В кустах на траве я провалялся где-то около часа, скоро уже стемнеть должно было, а полицая все не было. Кстати, мне было хорошо известно, что немцы хранят авиационное топливо в синих бочках с белой полосой посередине.
Когда послышался скрип тележной оси, перестук копыт и лошадиное всхрапывание, то есть самый обычный шум двигающегося гужевого транспорта, то я насторожился. Привстав на локте, выглянул из небольшого оврага, разглядывая телегу и двух седоков-полицаев. Один и них и был тем часовым. На телеге была большая копна сена.
Выбор полицая для встречи именно в этом месте меня порадовал, дорога спускалась в поросший кустарником овраг, место со всех сторон укрытое и тихое. К тому же эта дорога была малоезженой. Когда я на нее свернул, всего одного мотоциклиста встретил, да меня догнали и обогнали двое велосипедистов.
Встав на ноги, я отряхнул колени и бок от налипшей травы. Тут недавно косили, так что сухие травинки еще встречались.
— Доброго вам вечера, дяденьки, — заулыбался я, снова срывая кепку.
— Вот он, тута, а ты говоришь, сбежит, — довольно крякнул мой знакомый полицай.
— Дяденька, а где бочка? — с детским любопытством поинтересовался я.
— Ты стой на месте, — посоветовал мой знакомый полицай, пока другой снимал с плечами винтовку.
— Ну, я так и думал, — недовольно хмыкнув, я опустил кепку, которая скрывала направленный на них пистолет. Трижды щелкнуло, и довольно звонко хлопнул глушитель, отчего оба полицая упали. Один под колеса телеги, другой, что успел сделать пару шагов, в лужу неподалеку от спуска в овраг.

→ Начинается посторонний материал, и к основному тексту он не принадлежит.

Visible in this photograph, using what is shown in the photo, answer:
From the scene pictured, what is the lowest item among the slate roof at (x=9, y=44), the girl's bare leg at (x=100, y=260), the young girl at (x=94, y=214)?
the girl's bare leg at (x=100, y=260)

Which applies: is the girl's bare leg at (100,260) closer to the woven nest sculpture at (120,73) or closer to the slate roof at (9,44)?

— Мембраны менять пора, — вздохнул я.
В сидоре у меня кроме запаса патронов был инструмент для чистки, а также замены мембран в глушителе, которые рассчитаны всего на пятьдесят выстрелов. Запасные у меня были. Подойдя к телеге, я стал ворошить сено. Как и ожидалось, никакой бочки внутри не было, даже канистры отсутствовали, классический кидок. Только время зря потратил да этих ухлопал, наверняка теперь тревога поднимется. Нехорошо.
Посмотрев на темнеющее небо, где уже начали загораться звезды, я только горестно вздохнул. Придется самому все устраивать, горючка нужна.

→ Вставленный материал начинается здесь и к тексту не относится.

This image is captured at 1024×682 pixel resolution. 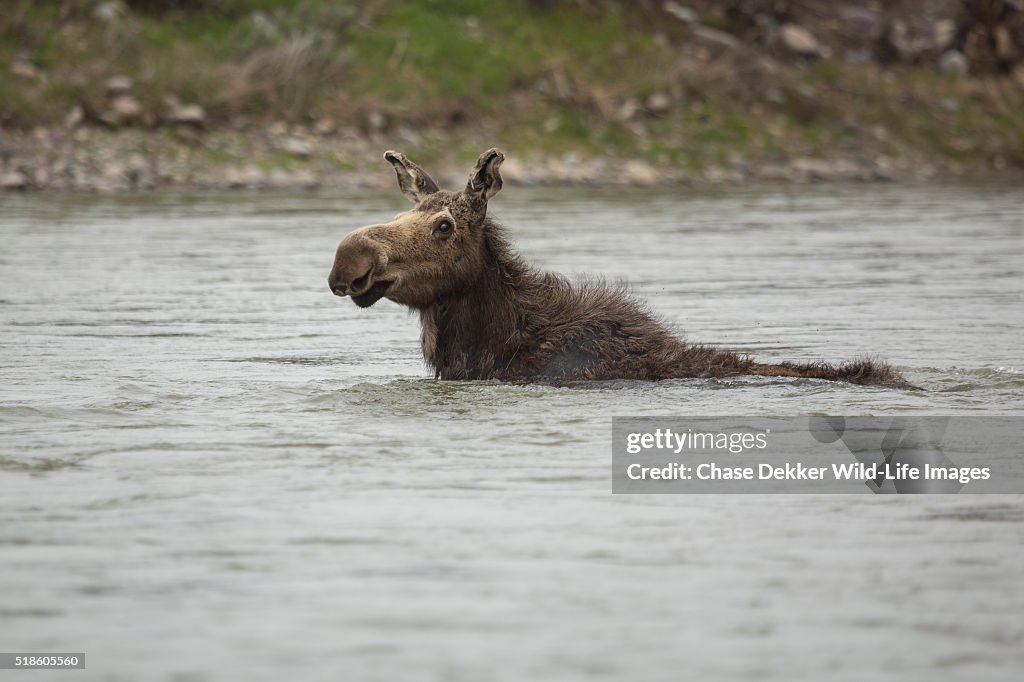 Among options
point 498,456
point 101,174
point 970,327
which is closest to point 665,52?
point 101,174

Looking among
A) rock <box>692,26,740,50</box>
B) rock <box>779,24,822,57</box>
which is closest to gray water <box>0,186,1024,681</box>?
rock <box>692,26,740,50</box>

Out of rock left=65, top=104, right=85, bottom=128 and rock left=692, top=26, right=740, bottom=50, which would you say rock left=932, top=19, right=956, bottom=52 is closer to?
rock left=692, top=26, right=740, bottom=50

В это время, к моему большому удивлению, застонал тот полицай, с которым я и вел основные переговоры.
— О, да ты живой, как же я так опростоволосился? В сердце ведь стрелял.
Подойдя, я перебросил «вальтер» в левую руку и, присев рядом с ним, одним ударом погрузил палец в раневой канал и начал крутить его, отчего тот проснулся и застонал.
— Очнулся, голубчик? Это хорошо. Теперь мне бы хотелось узнать всю инфраструктуру аэродрома. Причем в подробностях, особенно как охраняется, где секреты и где бочки с бензином стоят. Не томи, излей душу. Черти в аду меньше варить будут.
Тот не стал запираться и, изредка прерываясь на кашель, отчего на губах стала выступать розовая пена, начал рассказывать, отвечая на мои уточняющие вопросы.